Dehn argues the political backdrop now supports reforms and with political interests aligning to allow potentially unpopular but necessary reforms to be implemented, the current political breakthrough could completely change Brazil’s political and economic trajectory for years to come. “The approval of the spending cap has a large majority in the Lower House, which bodes well for approval of the social security reform as well,” Dehn added.
According to Dehn, domestic fixed income and domestic corporate bonds and equities present some of the best investment opportunities in Brazil. “Brazil is a recovery story which is entering into a ‘Goldilocks’ period, where inflation will fall, the currency will rise and growth will pick up,” he said.

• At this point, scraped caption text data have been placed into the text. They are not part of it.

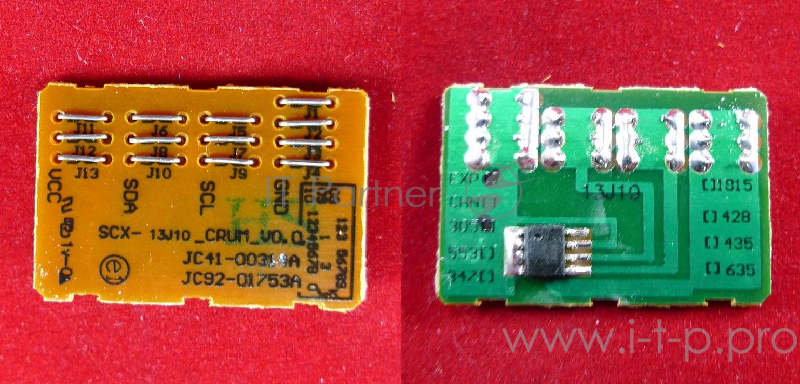 Чип Samsung ML3050/3051 (MLT-D3050A) 4K (ELP,)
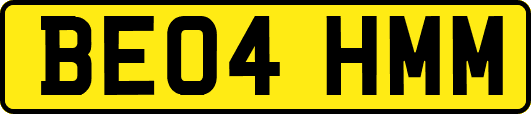 BE04HMM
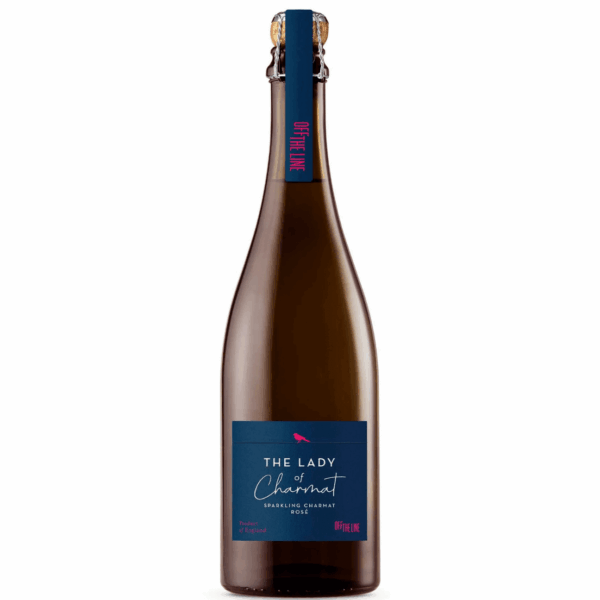 Off The Line The Lady of Charmat NV (6 Bottles) Hellingly, East Sussex, England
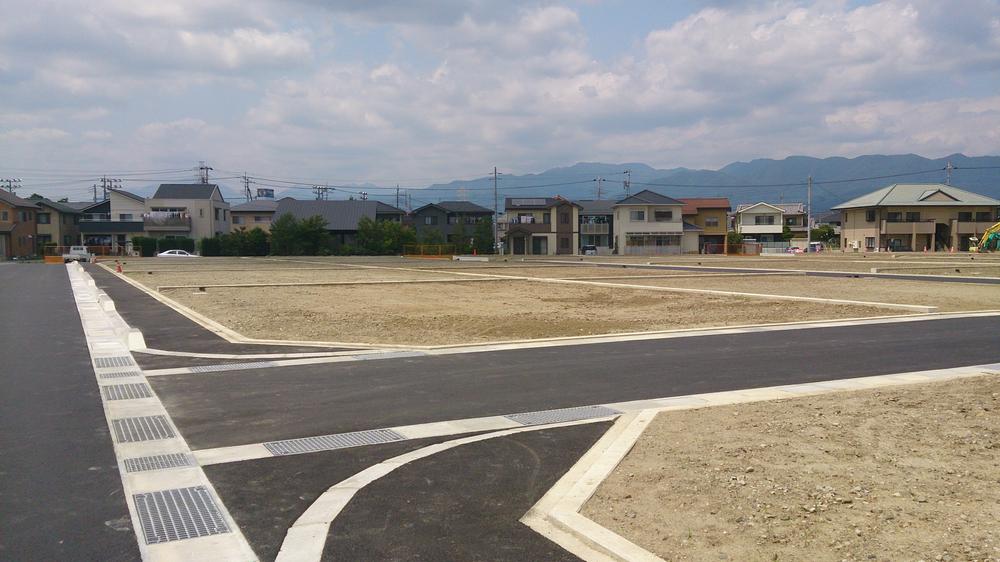 Local land photo. Local (July 2013) Shooting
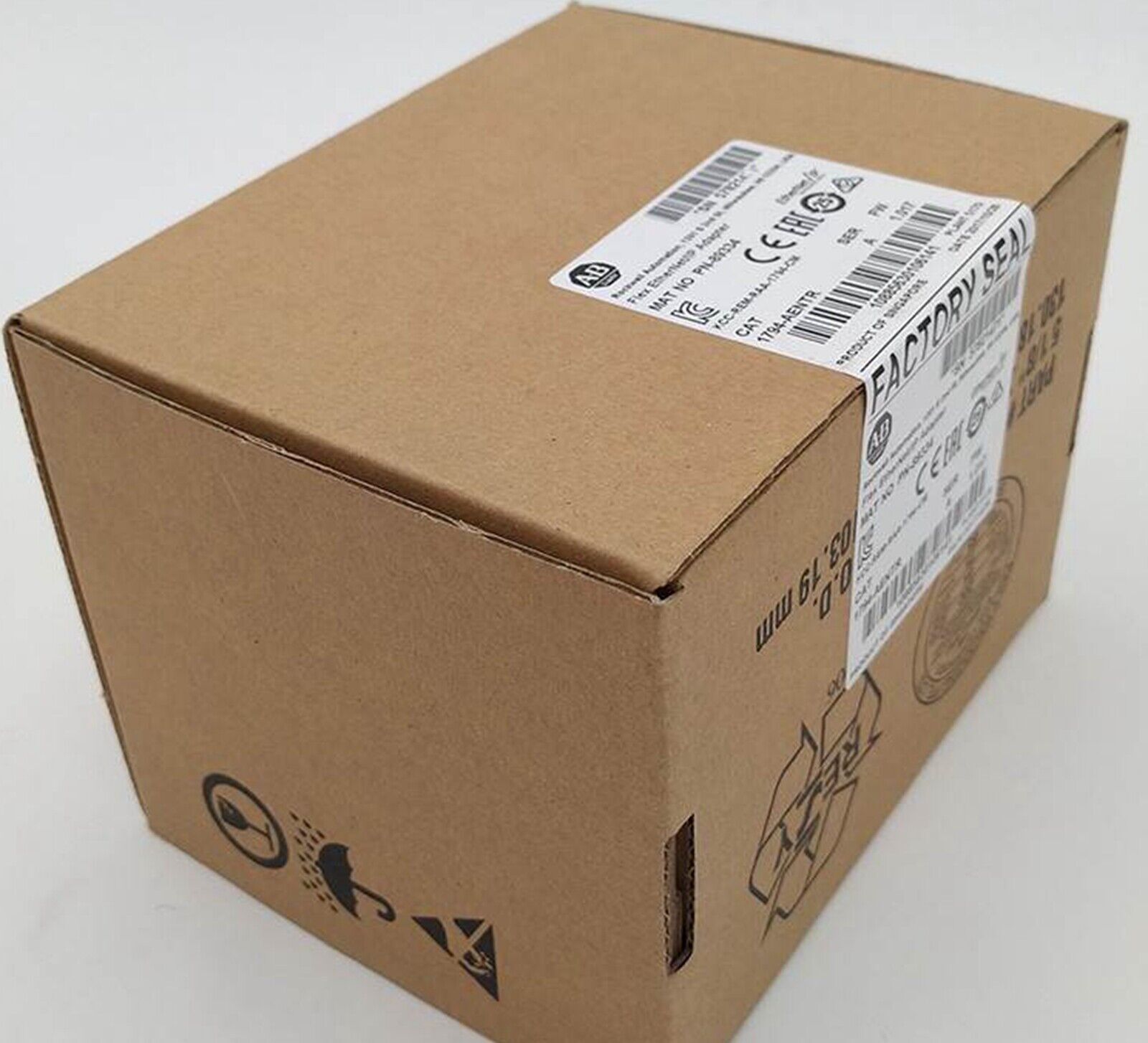 NEW Unopened 1794-AENTR 1794AENTR /A Flex EtherNet/IP Adapter Free Shipping US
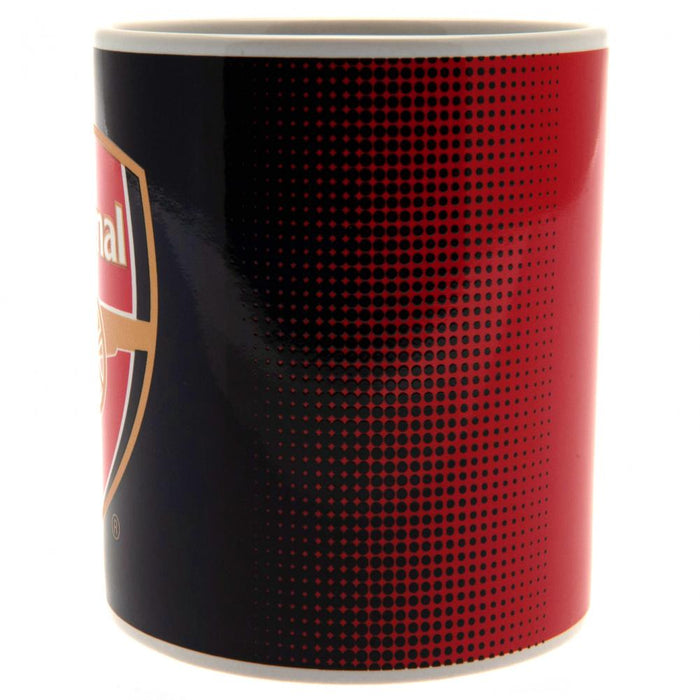 Arsenal Halftone Mug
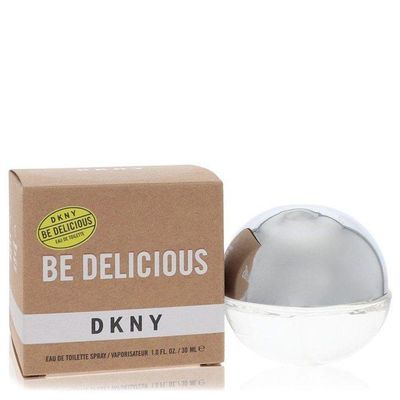 Perfume Feminino Be Delicious Donna Karan Eau Toilette 30 Ml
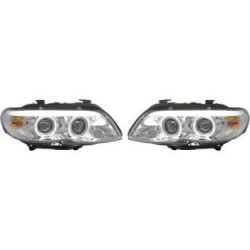 Headlight Set DIEDERICHS 1290786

Sectors that are closely related to domestic consumption have a weaker outlook, in light of the country’s still-high unemployment and expectations of a public finance adjustment. Banks also face increasing losses from non-performing loans but sectors with a greater reliance on exports look better placed.
“Brazil has been through a major cyclical downturn of its own making but it is only a cyclical problem,” Dehn said. “The structural long-term case for Brazil remains bullish: Brazil will soon resume its rightful role as major economic force in the global economy.”